Fortescue Metals Group has increased its yearly iron ore shipments by 33 per cent.
During the June 2015 quarter Fortescue shipped 42.4mt of ore which was five per cent higher than the previous quarter, taking total FY15 shipments to 165.4mt.
The miner has also delivered significant cost cutting measures as promised. During the June 2015 quarter C1 reduced to US$22/wmt, a 14 per cent reduction from the previous quarter and a 35 per cent reduction from the prior comparable period.
As a result of lower C1 costs, total delivered costs to customers inclusive of shipping, royalty and administration costs, decreased to US$31/wmt (US$34/dmt), nine per cent lower than the prior quarter.
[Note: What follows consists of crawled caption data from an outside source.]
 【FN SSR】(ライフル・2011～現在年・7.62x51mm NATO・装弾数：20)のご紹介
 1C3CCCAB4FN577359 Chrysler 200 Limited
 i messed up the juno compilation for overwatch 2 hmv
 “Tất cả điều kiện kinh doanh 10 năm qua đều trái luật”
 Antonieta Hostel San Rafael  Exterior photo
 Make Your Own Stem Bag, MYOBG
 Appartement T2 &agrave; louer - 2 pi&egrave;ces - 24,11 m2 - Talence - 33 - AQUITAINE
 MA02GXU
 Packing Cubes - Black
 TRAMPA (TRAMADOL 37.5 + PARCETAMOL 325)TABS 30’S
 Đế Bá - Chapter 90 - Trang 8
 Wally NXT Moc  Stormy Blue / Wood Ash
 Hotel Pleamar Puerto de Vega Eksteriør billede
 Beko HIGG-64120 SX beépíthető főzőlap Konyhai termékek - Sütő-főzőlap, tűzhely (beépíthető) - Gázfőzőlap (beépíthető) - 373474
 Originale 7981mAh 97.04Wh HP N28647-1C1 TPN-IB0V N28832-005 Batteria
C1 costs for June were US$19/wmt, with Fortescue targeting FY16 C1 cost guidance of US$18/wmt.
Meanwhile the company said it wold target a further $US4.1 billion of costs savings from improvements in mining productivity and efficiencies.
Fortescue reaffirmed it would keep production flat, with FY16 shipping guidance at 165mtpa.
"We are choosing to maintain our production at about 165 million tonnes to maximise our margin. We don't see any point in just continuing to drive additional production through debottlenecking or other means into a market that is already fully supplied," Fortescue’s chief financial officer Nev Power said.
The company said its break-even price on 62% Platts CFR basis remains at US$39/dmt.
Commenting on the world iron ore market, Fortescue said the average 62% Platts CFR price was US$58 per dry metric tonne (dmt) during the June 2015 quarter.
The miner said market remains high, driven by speculation associated with the threat of additional supply driving iron ore futures, together with market concerns over the Chinese economy and the Greek economy.